*** Opening RECORDED INFORMATION ***

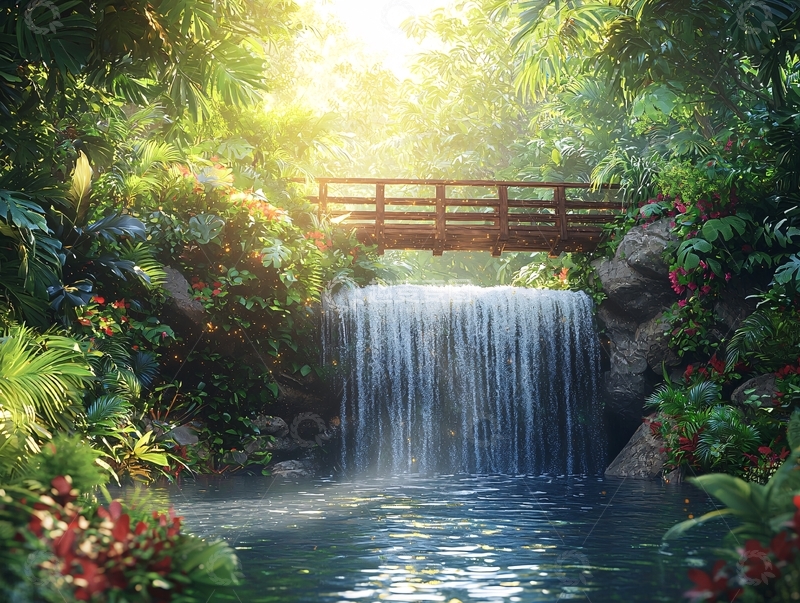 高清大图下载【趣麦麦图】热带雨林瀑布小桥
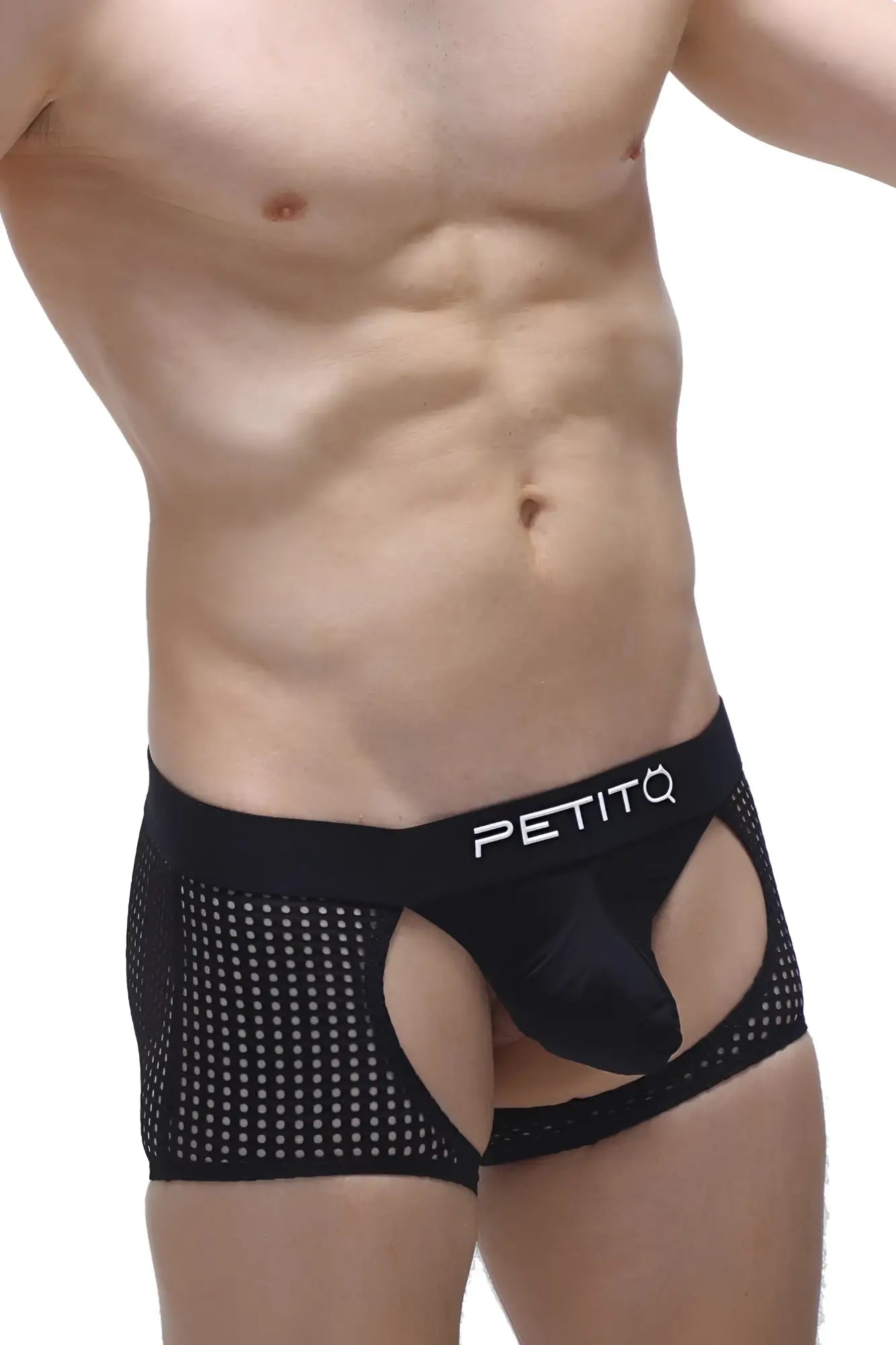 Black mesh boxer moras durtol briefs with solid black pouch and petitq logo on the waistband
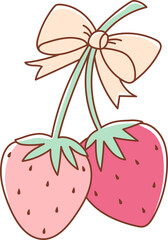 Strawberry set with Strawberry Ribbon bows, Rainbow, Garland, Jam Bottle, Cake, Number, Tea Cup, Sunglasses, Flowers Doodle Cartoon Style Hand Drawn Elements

*** Closing RECORDED INFORMATION ***

WORK ITEM
The data above must be reproduced exactly, without any of its pictures.

ANSWER TO THE PROBLEM
 高清大图下载【趣麦麦图】热带雨林瀑布小桥
 Black mesh boxer moras durtol briefs with solid black pouch and petitq logo on the waistband
 Strawberry set with Strawberry Ribbon bows, Rainbow, Garland, Jam Bottle, Cake, Number, Tea Cup, Sunglasses, Flowers Doodle Cartoon Style Hand Drawn Elements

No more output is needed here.